Before I started out on my journey of Network Marketing I was a defeated, guarded person. I didn’t trust anyone and lived in a competitive world, where I barely succeeded. My coworkers were negative and despite knowing that negativity was a bad thing, I often joined in the choir of complaining and finding fault. I was miserable and thought that was normal living. Even though I had my faith and a family that loved me, I didn’t know there was a better life. I didn’t know there was a community of people that work together to raise each other up. I thought network marketers were all about dishonesty and scamming people out of their money. I thought it was taking advantage people and brainwashing people to believe that a cheap quality product is better than what I could buy in a store. I honestly had no idea.
When life became so desperate that I knew I had to make a change, I took a chance on what I thought was selling a product. I had recently watched someone else succeed with this product, so maybe I could do it with integrity. That was honestly what I thought! Boy was I in for a shock. It wasn’t like the real estate market, where realtors compete with each other. It wasn’t like the slimy car salesman who tries to tell you a lemon is the best thing for you.
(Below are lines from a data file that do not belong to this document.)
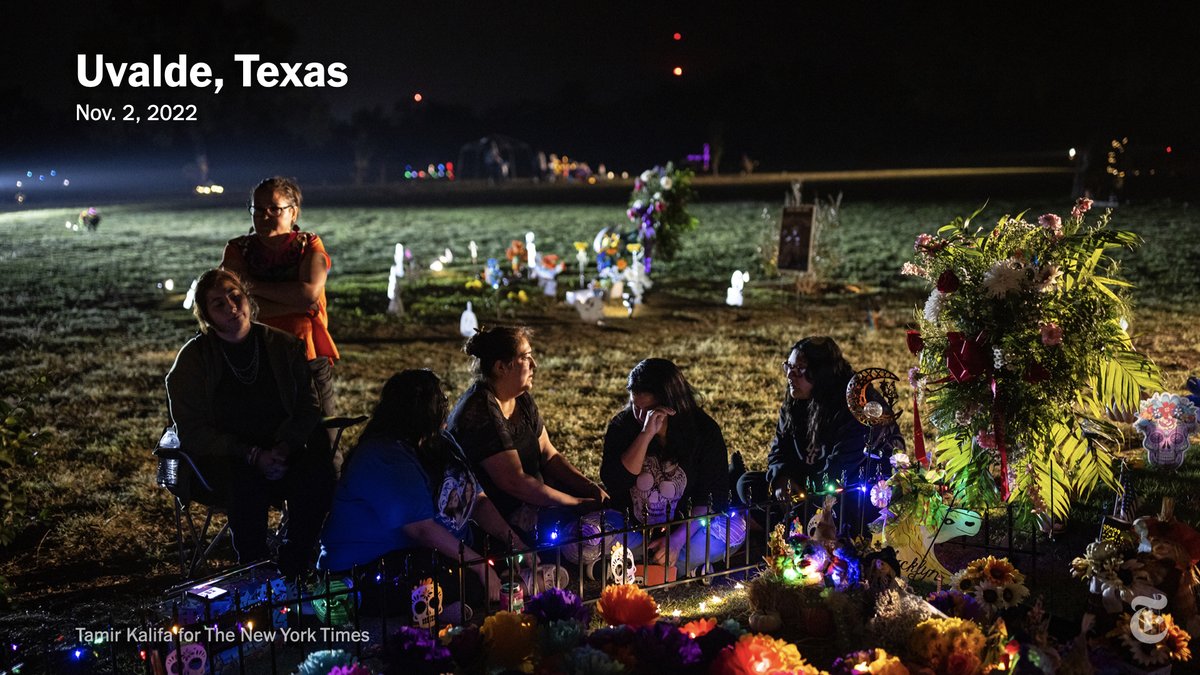nytimes's tweet photo. The graves in Uvalde, Texas, were decorated with ofrendas. People carried photos of the children or wore images of them on their T-shirts. This night of Día de los Muertos, or Day of the Dead, was a celebration of the 21 short, bright lives taken too soon. https://t.co/hxMHDQtWV2 https://t.co/Jq3dtNKg2r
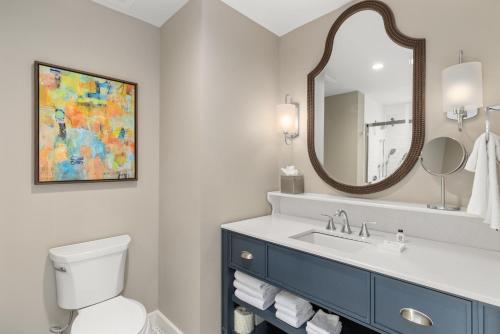 a bathroom with a sink and a mirror at The Shepherd Hotel Downtown Clemson in Clemson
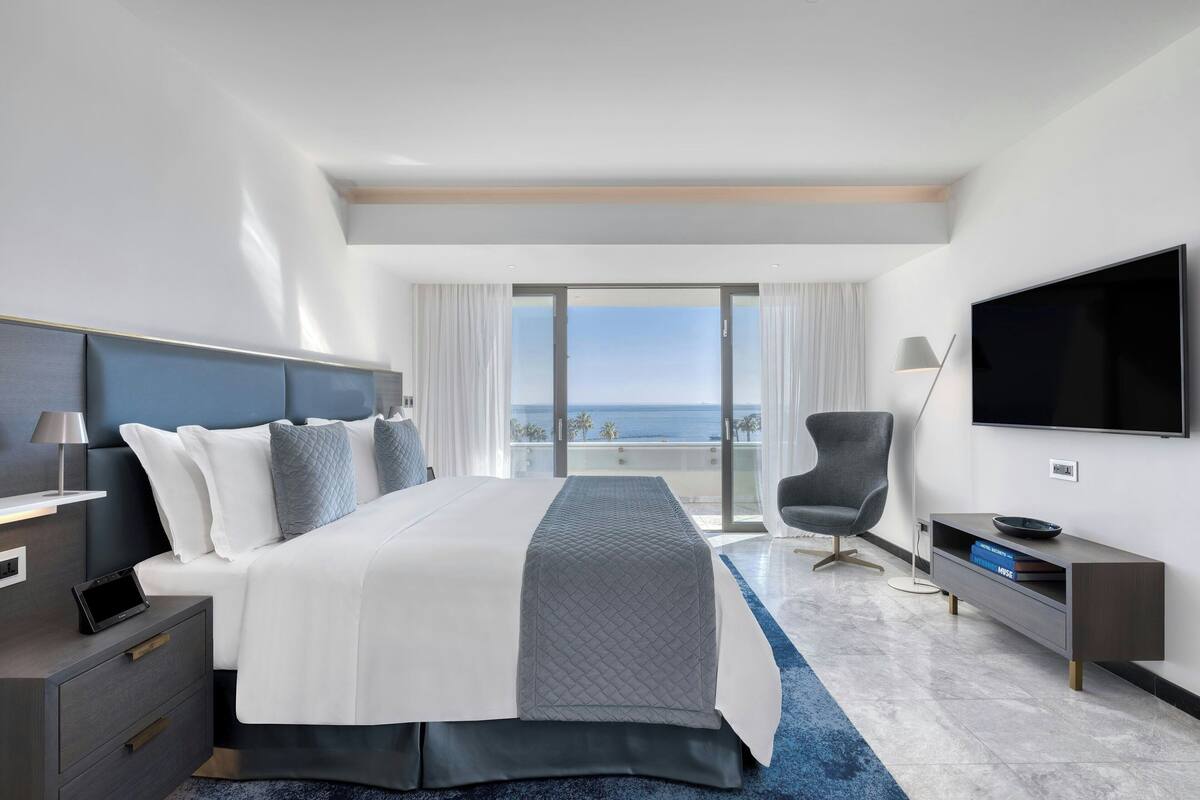 A modern hotel room with a large bed, a TV, a desk, and a view of the ocean.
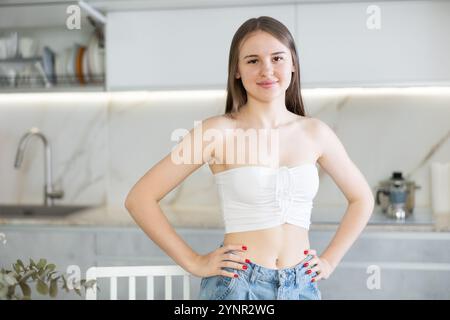 Porträt einer langhaarigen jungen Frau, die in der Küche steht Stockfoto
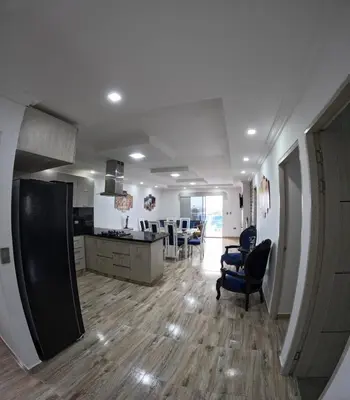 a kitchen and living room with chairs and a table at Viewpoint apartment near the Historic Center in Cartagena de Indias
First I found out the product worked! Like unbelievably worked! Then I found out the other people in the business wanted to help me succeed! And everyone was so positive! I kept looking for a catch. I kept thinking if something is too good to be true, then it’s probably a lie. I started to learn how we get paid and that didn’t make sense at all. They were saying I was going to get paid seven different ways. And all I kept thinking was, where is this money coming from? How can this possibly be true? Then the pay checks started to come in, so I knew it wasn’t a lie. But it took many months to understand how the pay plan worked and how I was getting paid. It was like having to relearn a completely new language. One that you never thought existed or even imagined could.
As I continued my journey I realized that it was all true. My heart kept growing with excitement. My dreams didn’t feel unrealistic anymore. My minimal dreams in life, began to grow to huge expectations. My belief in people, started to grow. My walls started to crumble and I began to see the good in everyone, instead of prejudging people. I realized that life wasn’t miserable. And I began to be happy. I began to believe in myself and love myself again.
So today I wish everyone a Happy Valentine’s Day! My hope is that everyone will find this new world and live a blessed, loved life.